Tuesday, May 24, 2011

As A Formerly Depressed Person . . .

There are issues. Issues you would not think of. But most certainly, issues. I'm going to let you in on some of them right now. These are only my experiences, but  since I’m the one recovering from depression I can totally poke fun at the absurdities of that process. And getting sane?  Totally insane.

The majority of my days, since being properly medicated, are normal (read: insane) just like yours. But since I was mentally checked out of life for 2 + years, I sometimes forget that this kind of insanity is the good kind. Follow?

 Issue #1 Celebrities.
Listen, no, just listen. Shut. UP. Unless you are really going to be honest, unless you were actually depressed, then you need to shut your pie hole. Kendra? Painting one’s toe nails does not cure PPD/Depression. You weren't aware of that? Really?? You mean Dr. Drew didn't fill you in on that? Wow. Shocker. Let me enlighten you: fitting into your Playboy Bunny costume and getting a mani/pedi does not magically alleviate PPD/depression. But thanks so much for putting that out there.

I clicked on over to a link about Gwyneth one day, hopeful to hear that she was speaking about her fight with depression. The interview left me wondering if she had PPD or needed a really deep conversational topic to discuss. But I did know what kind of jeans she was wearing and what she was eating, and it did mention her 'blog' Goop. I went over there, seriously hoping to find more about her struggle. What I found was the exact same dialogue. Exact. Word for word. The same sanitized version of the story. However, beneath this Purell washed story there was a contribution by Bree Howard Dallas. It was earth shattering. This is what should be shared. Click here for her story. It's truly amazing.
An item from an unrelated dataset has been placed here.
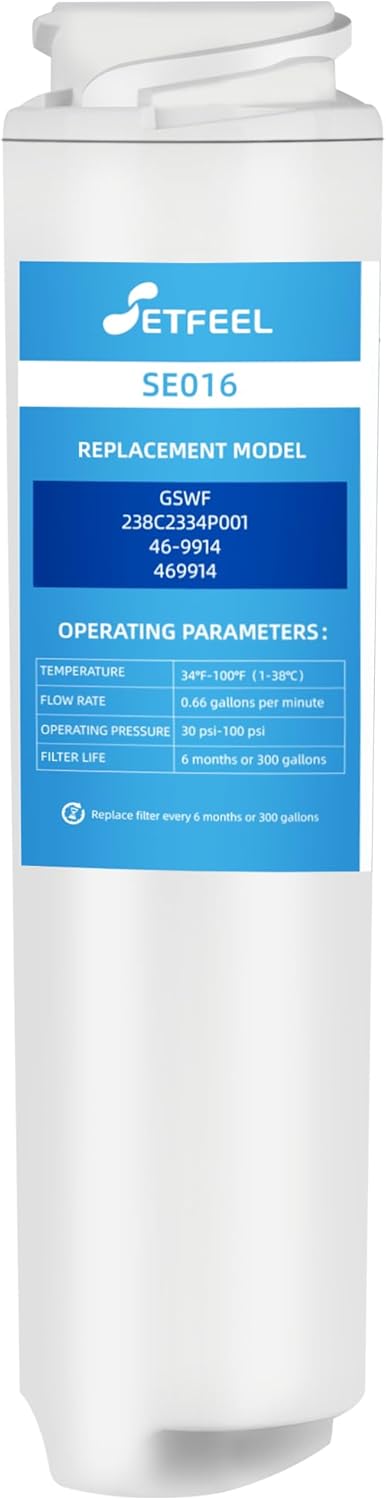 GSWF Water Filter Replacement for GE GSWF, SmartWater GSWFDS 100810 238C2334P001, Kenmore 46-9914, 469914, Reduce Lead,1 Pack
 I'd also like to send out a big thank you to Tom Cruise and all his spewing about natural living and no meds.  You see, I tried his ‘cure’ of exercise and good diet, and huh, it didn't work.  Tom’s ‘all natural’ approach is great for some, yes. But I will seriously knock out the next person who says to me, “Didn’t  you work out? Because I’ve heard so many people talk about how working out and eating whole foods totally cured them!”

Catherine Zeta Jones is seeking treatment for manic depression right now and I seriously could not be more pleased to know that she is 1) seeking help and 2) putting a strong face on the poster for manic depression. However, I haven’t heard what she has to say about it yet, so I reserve the right to yank this statement back so fast you’ll get rug burn.
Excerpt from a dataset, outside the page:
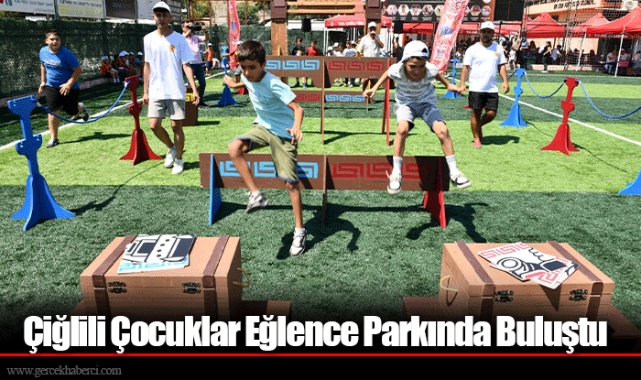 Çiğlili Çocuklar Eğlence Parkında Buluştu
Issue # 2 The Crazy In My Head
Every mom has days that completely fall apart.  I have three kids and if I get them out the door in the morning dressed and not stinking of some foul body odor, well, I rock. But the crazy in my head says: OMG I had a fight with my husband this morning and I went to the grocery store and forgot to get milk and I still haven’t showered and gah! I didn't get the chicken out for dinner! And now it’s the witching hour and the kids are rabid raccoons on crack and my husband is coming home and he’s like Fun Bobby (from Friends) when he comes home and I.can’t.do.this. Does this mean I’m going back to the nervous hospital??
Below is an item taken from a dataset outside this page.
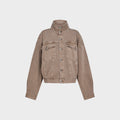 Ksubi Relax Funnel Neck Trucker Jacket - Stone Tan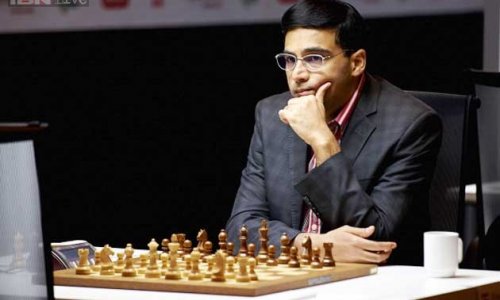 Anand draws with Giri in Azerbaijan Chess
Yeah. But then I take a deeeep breath and perhaps have a glass of wine,  and remember that all the crazy I’m looking at is normal. It’s sane insanity. And hopefully I've done this little freak out only in my head, or on the phone to a great friend, and we
can totally laugh about it.  Because seriously, how can I not laugh?

Issue #3 Kind People
I've put my story out there. I really have. I mean, I blog about it, under my name, put it on my Facebook page, etc. I am open and honest about what I went through and what my family went through.  The kindness that has been extended to me, to my family over the past years is astounding. And the support I receive now is encouraging and so heart felt.

What isn't?:  “Oh, depression? My cousin had that. She killed herself.”
Seriously? Did you just . . . ?
Or, how about: “You went in to the hospital twice. Huh. I’m not that bad. I mean, I’m just sad, not like . . . Crazy.”
Yeah, keep talking and I’ll show you crazy.
And my favorite: “You’re husband didn't divorce you? ”
No, no he did not. We took these things, called marriage vows, where we promised to love each other for better or worse, in sickness and in health. This was my sickness. This was my for worse. He didn't go off and have an affair. He didn't leave me. He stuck by me because he is an amazing man and we.took.vows before God. Hello? But did you actually just say this to me?

I can't make this crap up. All of this, every single thing I just wrote has been said to me. I can totally laugh about it, because seriously, that's some pretty messed up and funny stuff. But if you know somebody who is recovering from depression? Don't say it.  Give them a hug. Say, "I'm sorry you had to go through this. You're strong and it will get better."